12. Il résulte de tout ce qui précède que Mme A... n'est pas fondée à se plaindre de ce que, par le jugement attaqué, le tribunal administratif de Toulon a rejeté sa demande.
Sur les conclusions aux fins d'injonction et d'astreinte :
13. Le présent arrêt qui rejette les conclusions à fin d'annulation présentées par Mme A... n'implique aucune mesure d'exécution. Il y a lieu, par suite, de rejeter les conclusions à fin d'injonction de Mme A....

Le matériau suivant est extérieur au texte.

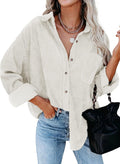 Dokotoo Womens Corduroy Button Down Shirt - Oversized Soft Boyfriend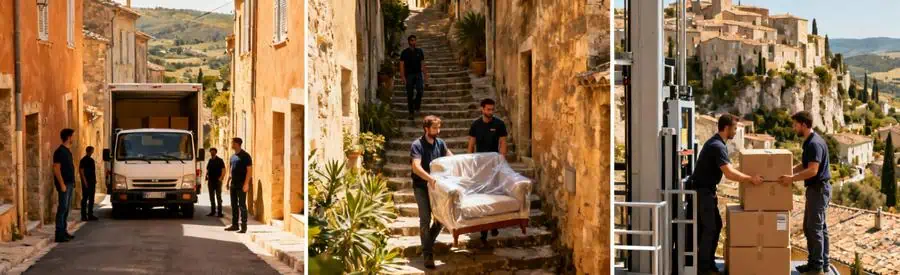 Triptyque montrant les difficultés d'accès lors d'un déménagement dans les villages perchés du Vaucluse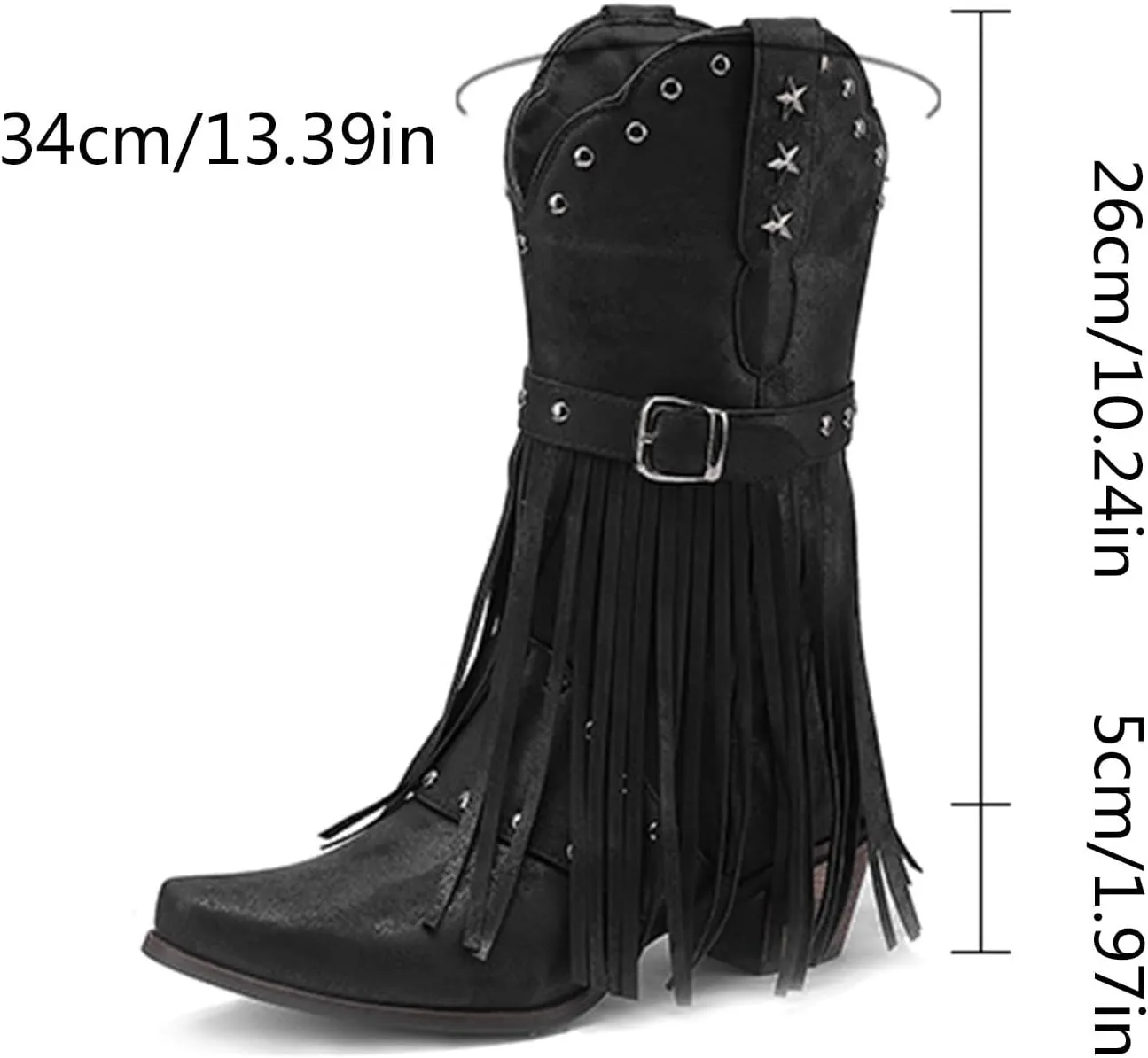 Cowboy Boots For Women Tassel Western Cowboy Boots Suede Buckle Chunky Heel Cowgirl Mid-Calf Slip On Booties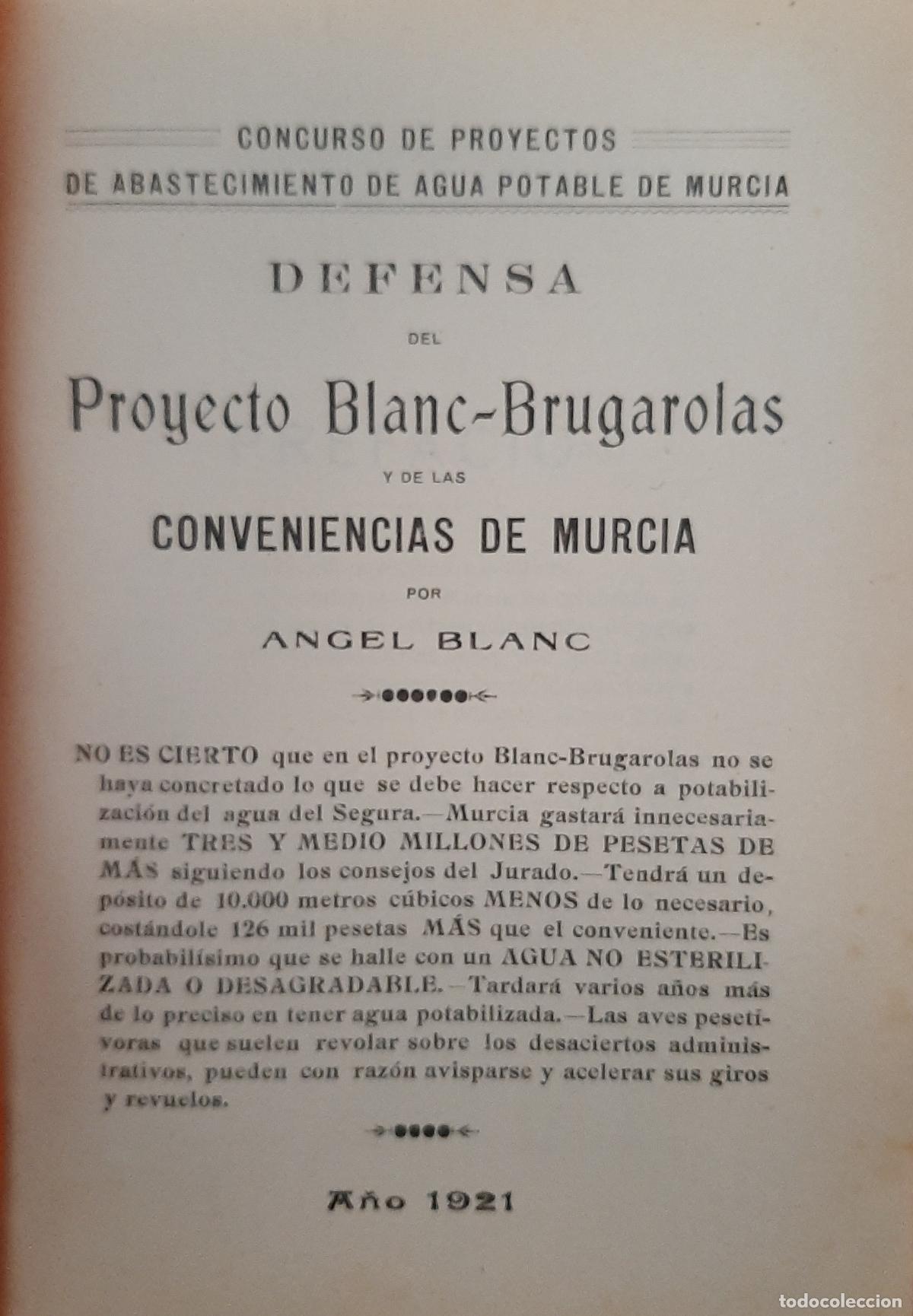 Libros antiguos: Concurso de proyectos de abastecimiento de agua potable de Murcia 1921 - Foto 1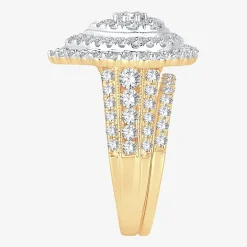 Womens 2 CT.T.W. Natural Diamond 10K or 14K Gold Pear Side Stone Halo Bridal Set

Sur les frais liés au litige :
14. L'Etat n'étant pas, dans la présente instance, la partie perdante, les conclusions de la requérante formées sur le fondement de l'article L. 761-1 du code de justice administrative ne peuvent, par suite, qu'être rejetées
DECIDE :
Article 1er : La requête de Mme A... est rejetée.
Article 2 : Le présent arrêt sera notifié à Mme C... A... et au ministre de l'intérieur et des outre-mer.
Copie en sera adressée au préfet du Var.
Délibéré après l'audience du 13 avril 2023, où siégeaient :
- Mme Fedi, présidente de chambre,
- M. Mahmouti, premier conseiller,
- M. Danveau, premier conseiller.
Rendu public par mise à disposition au greffe le 5 mai 2023.